GIVEN DATA Start Marker

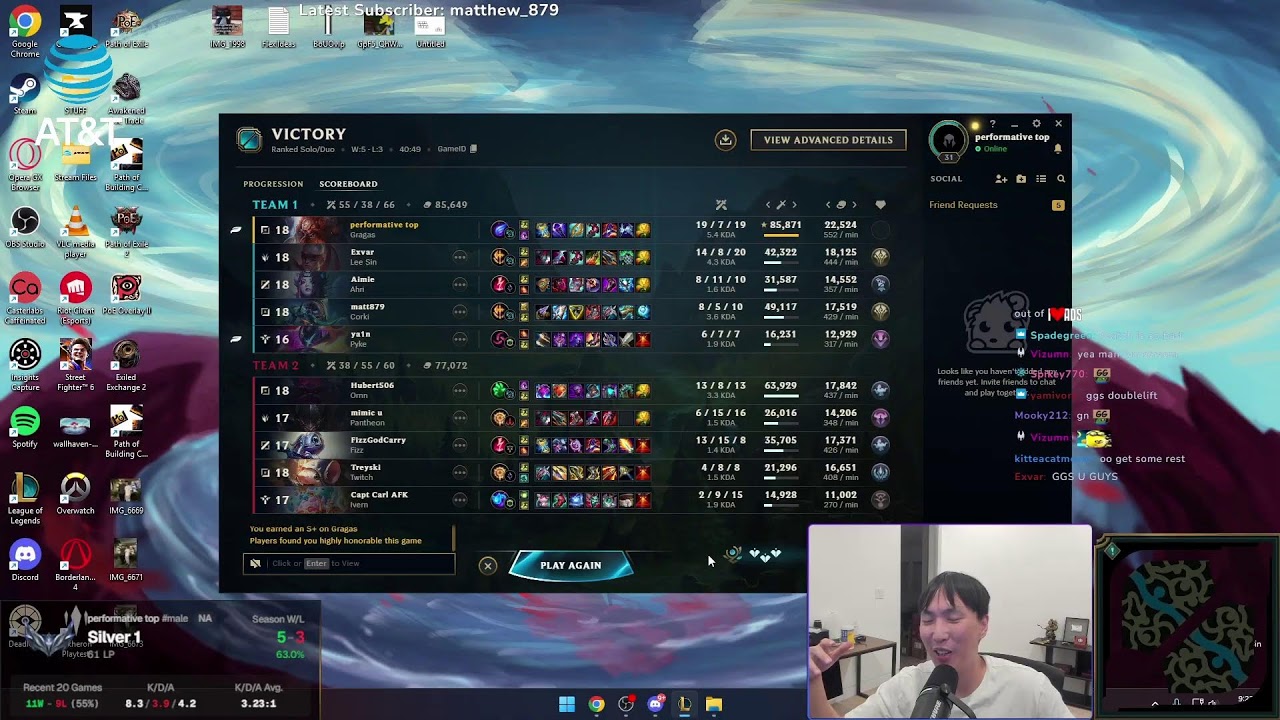 ✅TOP UNRANKED TO CHALLENGER STARTS TODAY✅WE ARE BACK✅MID COMPLETED✅JG 582 LP GM (finishing later)✅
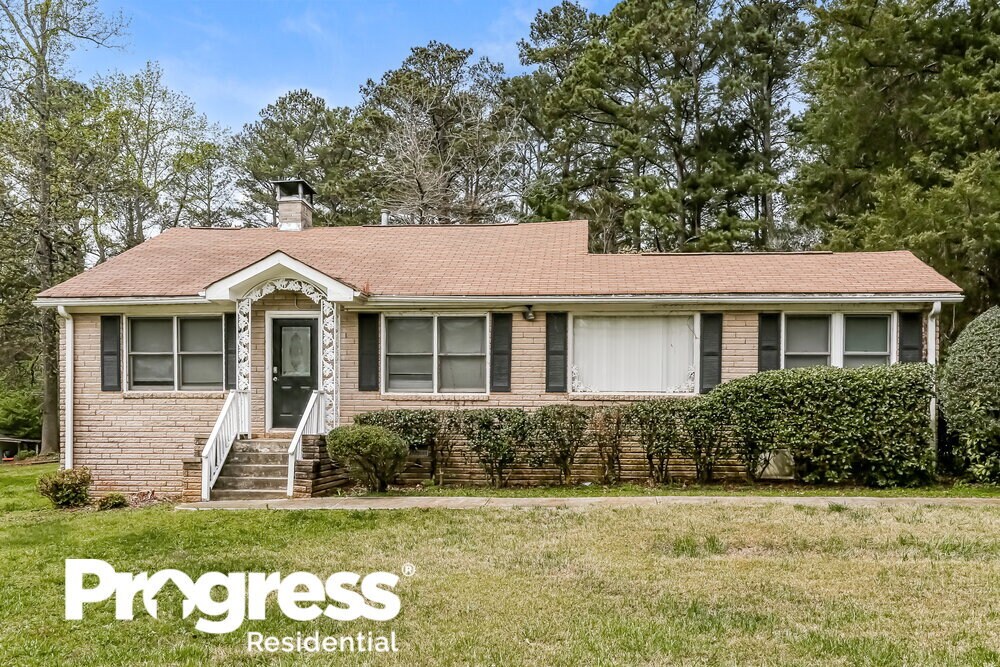 4497 Klondike Rd, Stonecrest, GA 30038 House Rental in Stonecrest, GA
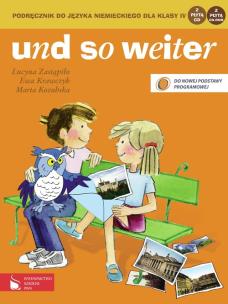 Okładka książki Und So Weiter 4 KB (2xCD Gratis) NPP w.2012 PWN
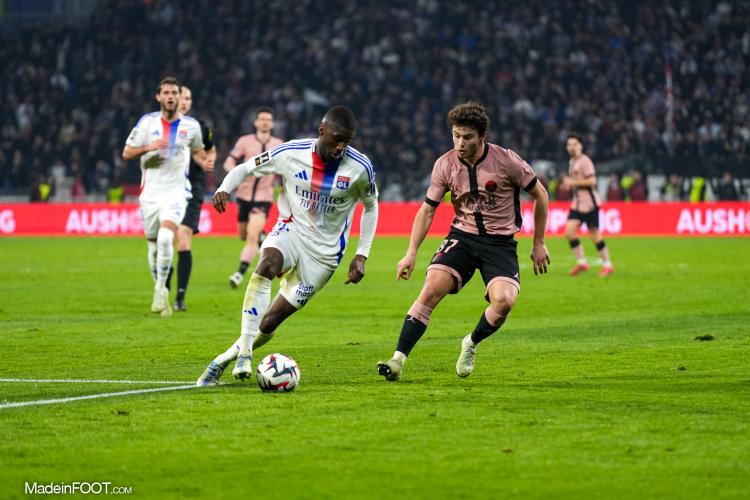 Ligue 1 - Les notes de l'OL face au PSG : Lyon rechute face à Paris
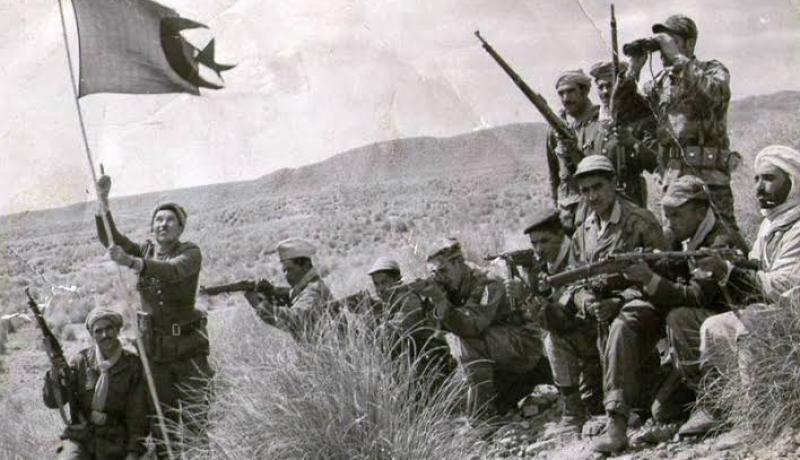 أحد رموز الولاية الخامسة المجاهد الواد بوصطلة في ذمة الله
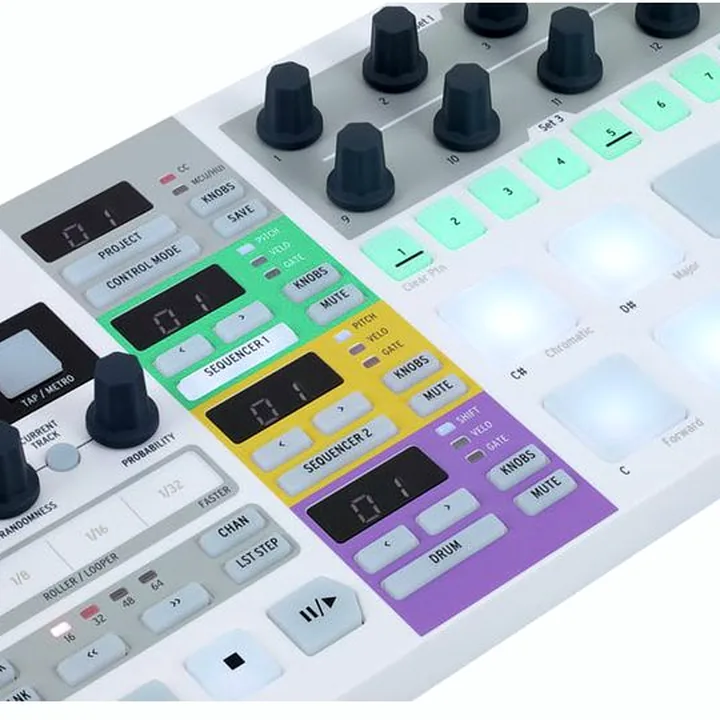 Arturia Beatstep Pro Case Set Comparatif, Avis, Test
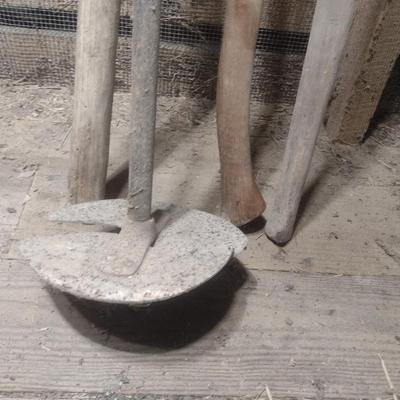Collection of Bush Axes Various Sizes and Head Shapes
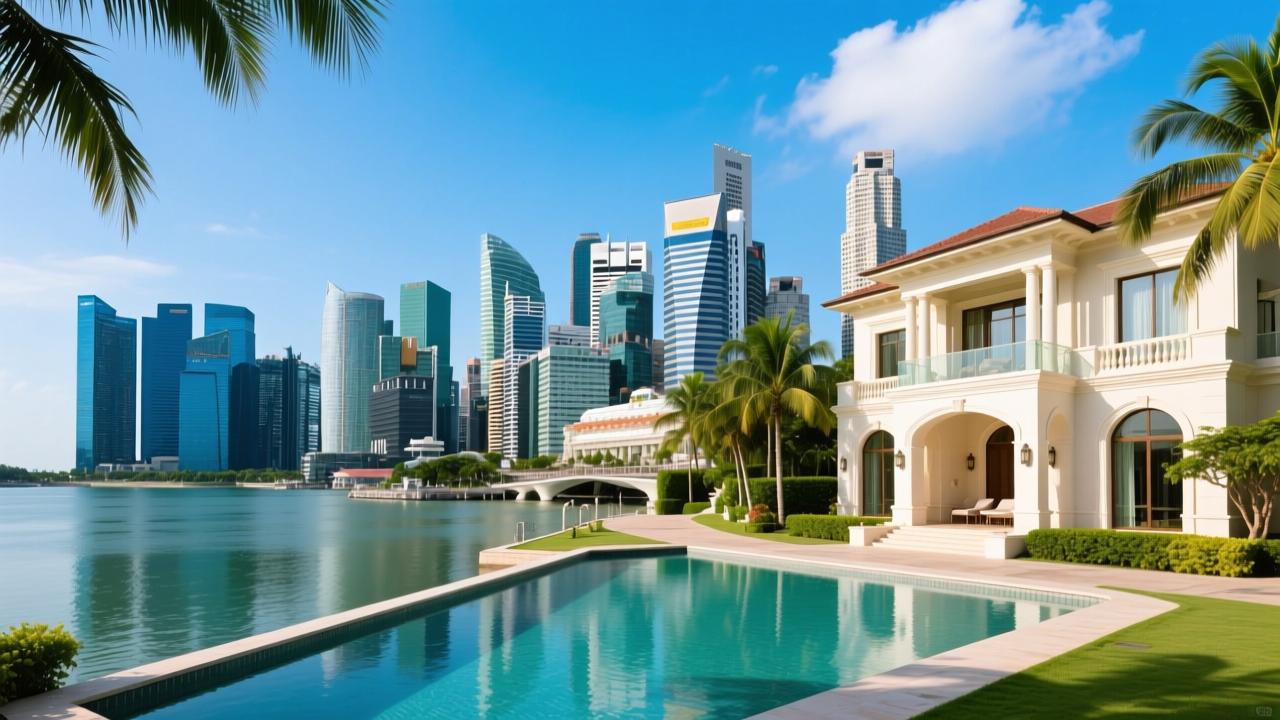 亚洲十大豪宅排名揭晓：香港浅水湾、新加坡乌节路顶级豪宅单价破30万，谁登榜首？  第2张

GIVEN DATA End Marker

WHAT THIS TASK INVOLVES: Reproduce the data verbatim. Do not carry any picture into the copy.

EXPECTED ANSWER:
 ✅TOP UNRANKED TO CHALLENGER STARTS TODAY✅WE ARE BACK✅MID COMPLETED✅JG 582 LP GM (finishing later)✅
 4497 Klondike Rd, Stonecrest, GA 30038 House Rental in Stonecrest, GA
 Okładka książki Und So Weiter 4 KB (2xCD Gratis) NPP w.2012 PWN
 Ligue 1 - Les notes de l'OL face au PSG : Lyon rechute face à Paris
 أحد رموز الولاية الخامسة المجاهد الواد بوصطلة في ذمة الله
 Arturia Beatstep Pro Case Set Comparatif, Avis, Test
Collection of Bush Axes Various Sizes and Head Shapes
 亚洲十大豪宅排名揭晓：香港浅水湾、新加坡乌节路顶级豪宅单价破30万，谁登榜首？  第2张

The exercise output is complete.